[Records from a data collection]
--------------------

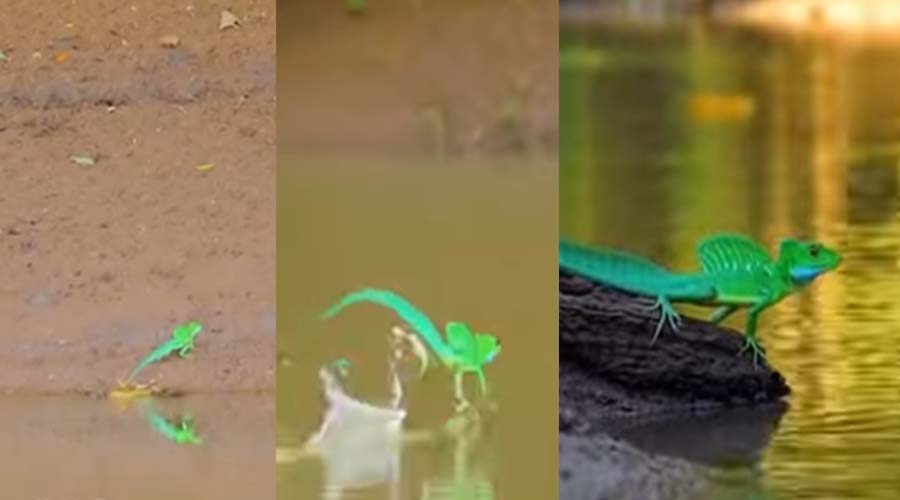 Viral Video: नदी पर दौड़ती छिपकली ने लोगों को किया हैरान, बोले-“प्रकृति का चमत्कार”
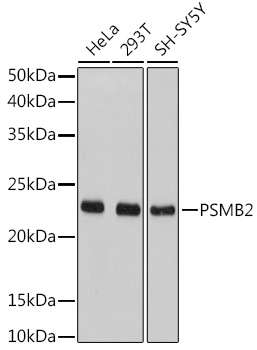 PSMB2 Antibody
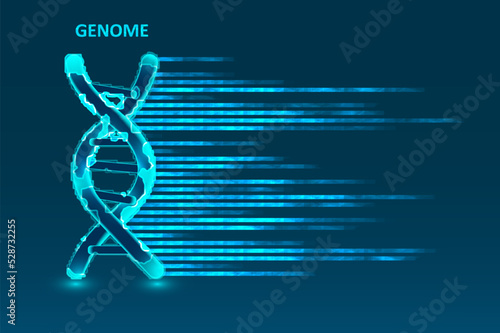 Big genomic data visualization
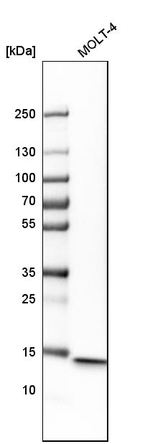 CD3z Antibody in Western Blot (WB)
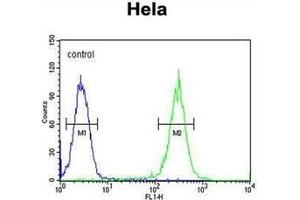 Flow cytometric analysis of Hela cells using RAD26L Antibody (N-term) Cat. (ERCC6L2 antibody  (N-Term))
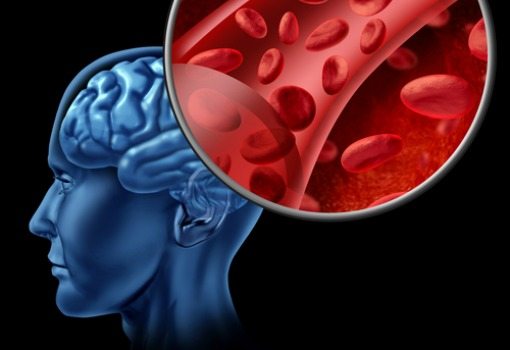 brain with blood cells brain and red blood cells illustration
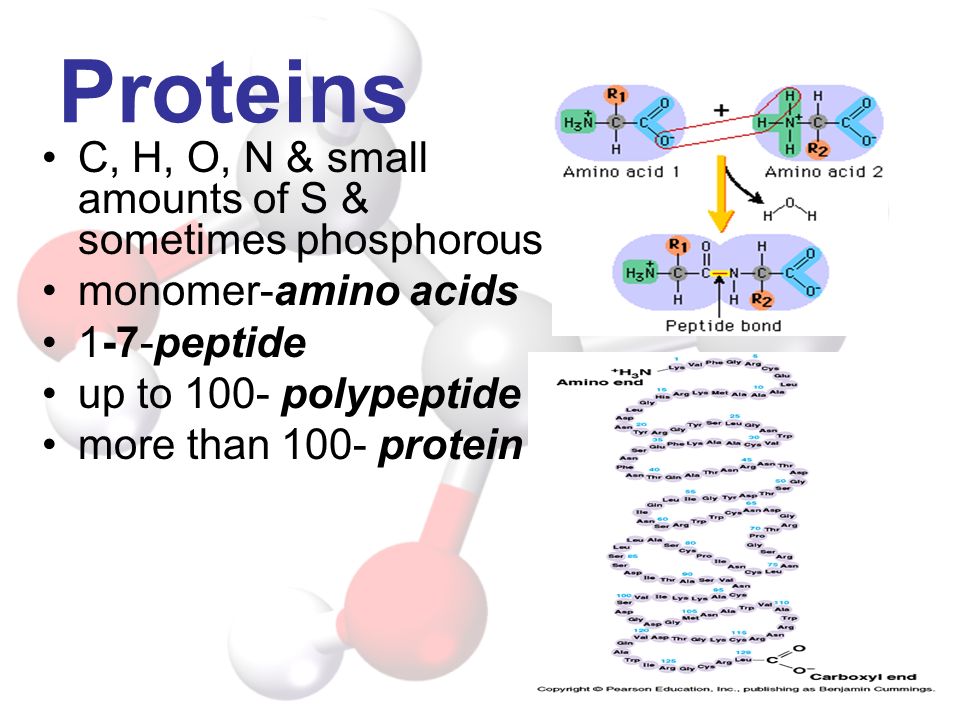 Proteins C, H, O, N & small amounts of S & sometimes phosphorous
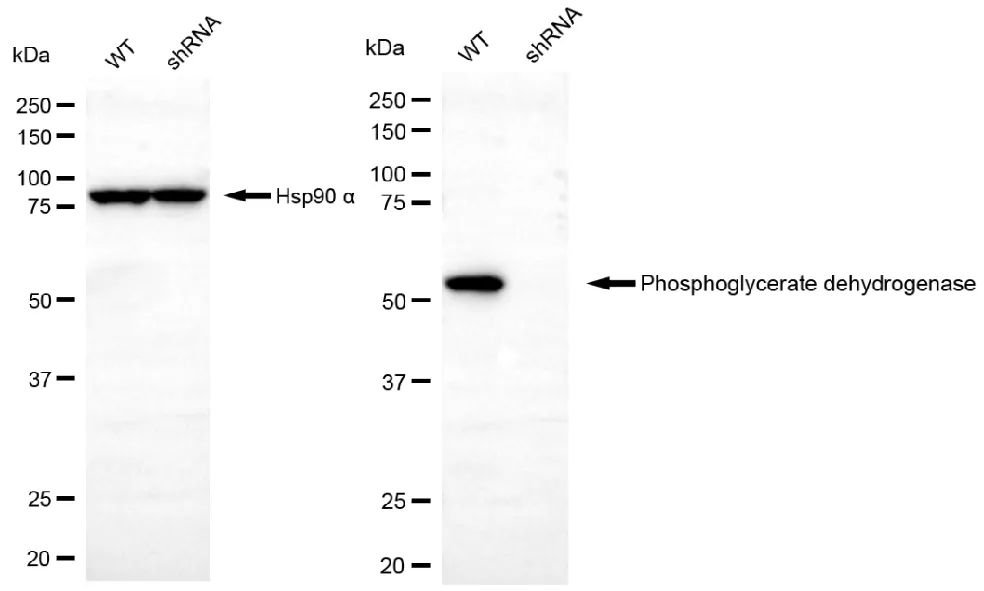 KD-Validated PHGDH Mouse Monoclonal Antibody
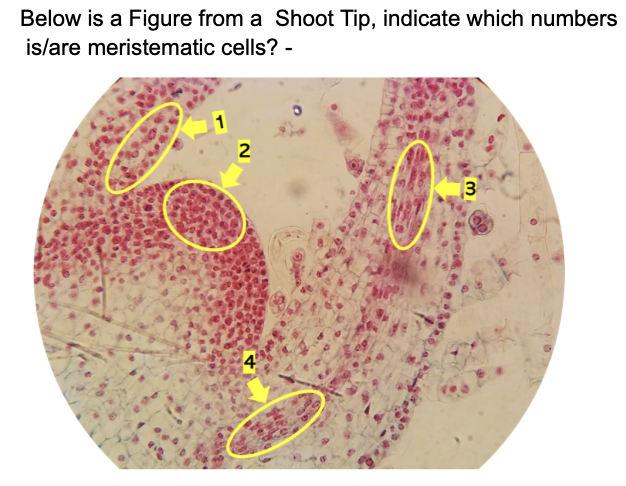 Below is a Figure from a Shoot Tip, indicate which numbers
islare meristematic cells? -
3
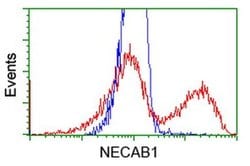 NECAB1 Monoclonal Antibody (OTI1H5), TrueMAB , OriGene 100 &mu;L; Unconjugated:Antibodies,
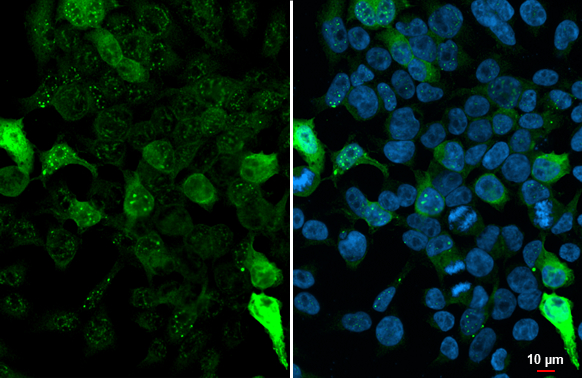 GFP antibody [HL1845]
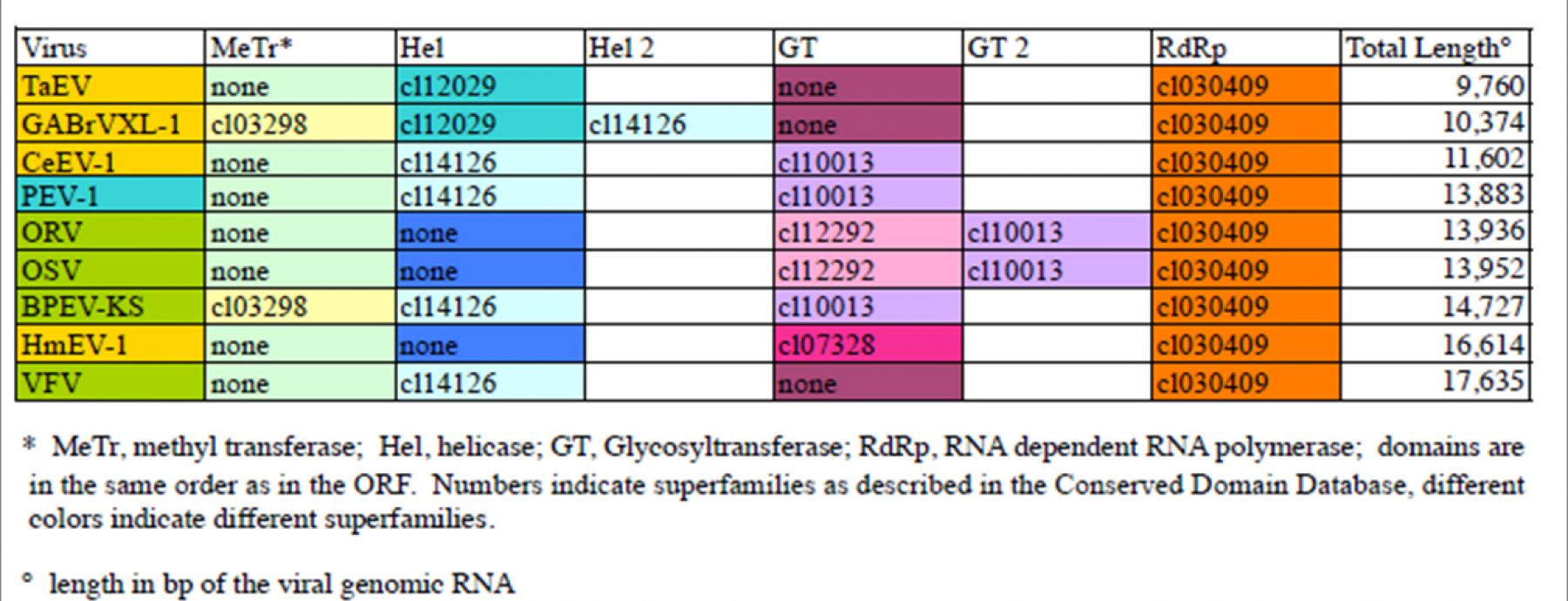 A comparative investigation of endornaviruses, a unique family of dsRNA viruses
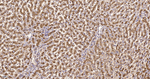 LIMP2 Antibody in Immunohistochemistry (Paraffin) (IHC (P))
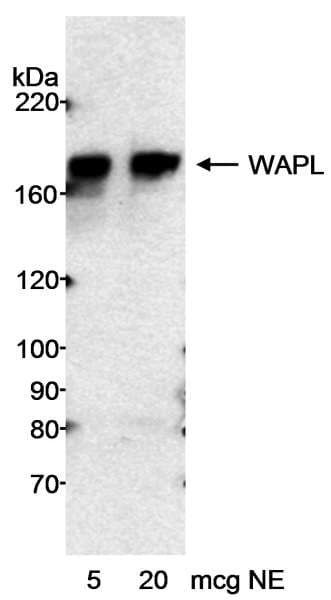 Polyclonal Rabbit anti-Human WAPAL / WAPL Antibody (aa1125-1175, WB)
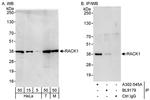 RACK1 Antibody in Western Blot (WB)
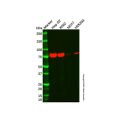 ARID3A Antibody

--------------------

## Exercise brief
Print every entry above verbatim but drop the images.

## Result below
 Viral Video: नदी पर दौड़ती छिपकली ने लोगों को किया हैरान, बोले-“प्रकृति का चमत्कार”
 PSMB2 Antibody
 Big genomic data visualization
 CD3z Antibody in Western Blot (WB)
 Flow cytometric analysis of Hela cells using RAD26L Antibody (N-term) Cat. (ERCC6L2 antibody  (N-Term))
 brain with blood cells brain and red blood cells illustration
 Proteins C, H, O, N & small amounts of S & sometimes phosphorous
 KD-Validated PHGDH Mouse Monoclonal Antibody
 Below is a Figure from a Shoot Tip, indicate which numbers
islare meristematic cells? -
3
 NECAB1 Monoclonal Antibody (OTI1H5), TrueMAB , OriGene 100 &mu;L; Unconjugated:Antibodies,
 GFP antibody [HL1845]
 A comparative investigation of endornaviruses, a unique family of dsRNA viruses
 LIMP2 Antibody in Immunohistochemistry (Paraffin) (IHC (P))
 Polyclonal Rabbit anti-Human WAPAL / WAPL Antibody (aa1125-1175, WB)
 RACK1 Antibody in Western Blot (WB)
 ARID3A Antibody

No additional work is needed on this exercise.